Soñé que me encontraba en medio de una multitud, ascendiendo por la ladera de una colina hacia una suerte de parque de atracciones. La colina acababa en un acantilado o precipicio. Mis compañeros comenzaron a descender mediante clavos de hierro que hundían en la roca, con la misma facilidad que si estuvieran bajando por escaleras. Pero yo no encontraba el modo de bajar. Me demoré, seguro de que no iba a poder componérmelas para dar término a aquel escarpado descenso, de que me desvanecería y acabaría cayendo.
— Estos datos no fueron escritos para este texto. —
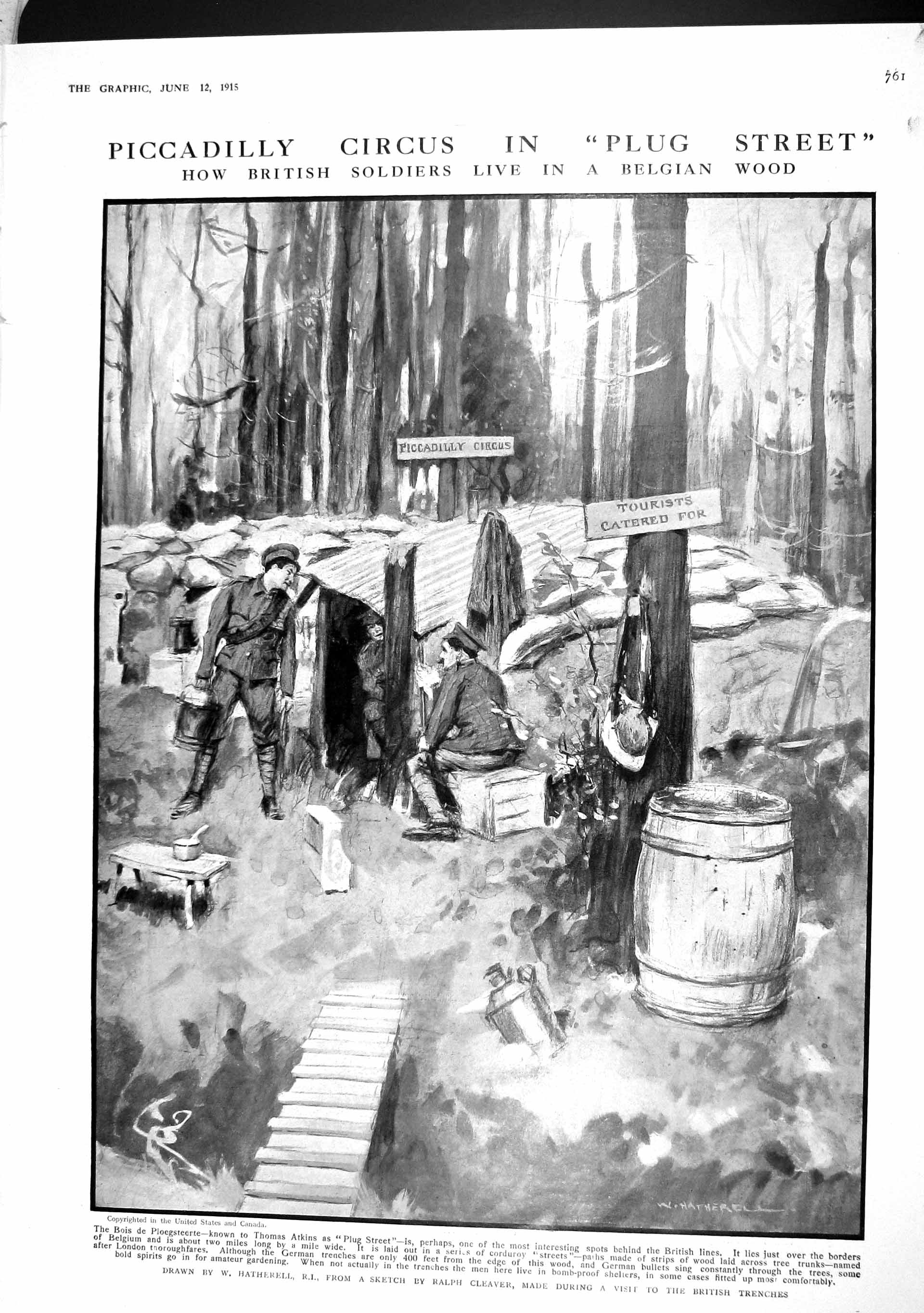 Original Old Antique Print 1915 British Siers Belgian Wood War London Sentry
Por fin logré descender por mí mismo una parte del camino, y entonces me detuve, sobrecogido por el terror, en un pequeño rellano, incapaz de seguir hacia arriba o hacia abajo.

Recuerdo haber pensado que antes ya había intentado aquel descenso y que, también entonces, me creí incapaz de realizarlo.

Instantes después, sin embargo, estaba en el suelo, moviéndome entre los que ya habían descendido. Era una especie de circo cubierto de asfalto, pero sin asientos y vallado, como una cancha de balonvolea. En el centro del circo, bastante apartadas del público, había tres personas, dos hombres y una mujer.

Inmediatamente imaginé, por sus vestidos escasos, sus brazos y piernas desnudos, que eran acróbatas. Por su proximidad y la conversación que mantenían, absortos unos con otros e indiferentes a la multitud que los rodeaba, supuse que debían ser extranjeros.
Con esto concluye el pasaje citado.